◆ Dataset records ◆
↓

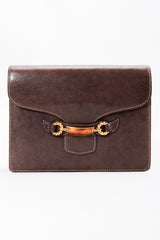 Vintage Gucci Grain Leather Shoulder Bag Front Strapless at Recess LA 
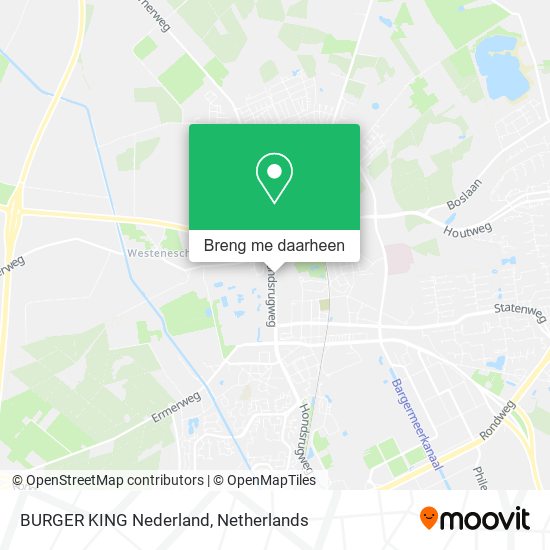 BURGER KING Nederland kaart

↑
↓

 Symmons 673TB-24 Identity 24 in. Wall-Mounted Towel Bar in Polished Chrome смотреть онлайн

↑

◆ Work to be completed ◆
Take the material above from the line bearing "Vintage Gucci Grain" through the line bearing "BURGER KING Nederland kaart" and write it out exactly, both end lines included. Pictures stay out.

◆ The answer ◆
 Vintage Gucci Grain Leather Shoulder Bag Front Strapless at Recess LA 
 BURGER KING Nederland kaart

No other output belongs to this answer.